The most common reasons I abstain from taking a case (which may or may not apply to your case) are the following:
- Insufficient damages. I generally confine my practice to cases in which there are solid damages of nearly $1 million or greater. However, there are exceptions in which I take cases involving significantly lower damages, such as where there is admitted (or obvious) liability, and a confined set of issues to determine damages, for instance. This admittedly high threshold reflects the degree of resistance one typically encounters from the defense, and the unavoidably complex nature of most legal malpractice cases, both of which tend to drive up the time commitment and cost associated with prosecuting such a case.

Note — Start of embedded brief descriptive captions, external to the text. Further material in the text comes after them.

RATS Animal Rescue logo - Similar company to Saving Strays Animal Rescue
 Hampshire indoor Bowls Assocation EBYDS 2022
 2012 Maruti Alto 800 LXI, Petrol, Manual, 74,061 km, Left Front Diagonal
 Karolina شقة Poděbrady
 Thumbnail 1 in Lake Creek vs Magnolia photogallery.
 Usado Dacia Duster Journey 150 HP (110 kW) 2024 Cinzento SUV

- Insufficient evidence of linkage between the lawyer mistake(s) and the damage. Acts or omissions of a lawyer, and a bad result, are not enough. There must be a chain of causation persuasively linking the two. Often potential new clients present a laundry-list of alleged lawyer mistakes, and a bad ending, but too many loose ends in regards to linkage. Each attorney mistake must be evaluated to determine what likely would have happened if the mistake had not been committed, leading to a different and better result. Often, the litany of alleged attorney mistakes is left hanging, and when subjected to further examination end up in a causation cul-de-sac.
- Too many separate issues that must be vanquished in order to win. This does not necessarily mean the case is too complex, per se, but that there are too many issues that the plaintiff must meet his/her burden of proof to overcome.
- Too complex. Sometimes the factual background of the case is simply too complex to be reasonably confident a jury will process and understand.
- Lawyer mistakes too scattered, subjective, or minor. In general it is better to present a case involving one big mistake (or a small number of big mistakes), than a long list of smaller errors. For instance, one important time limitations that is blown usually makes a more attractive case than a series of arguably bad judgment calls relating to litigation tactics.
- Too difficult and/or time-consuming to extract clear information from the client or client representative relating to the issues listed above.
- Too many allegedly negligent lawyers. Whether true/fair or not, this can lead to the perception on the part of the judge and jury that the client is difficult or conspiracy-minded. Also, going after multiple law firms increases the number of battle fronts, and the defense resources marshalled toward defeating the plaintiff.
- Too late. Often potential clients present a case that may be time-barred by the statute of limitations.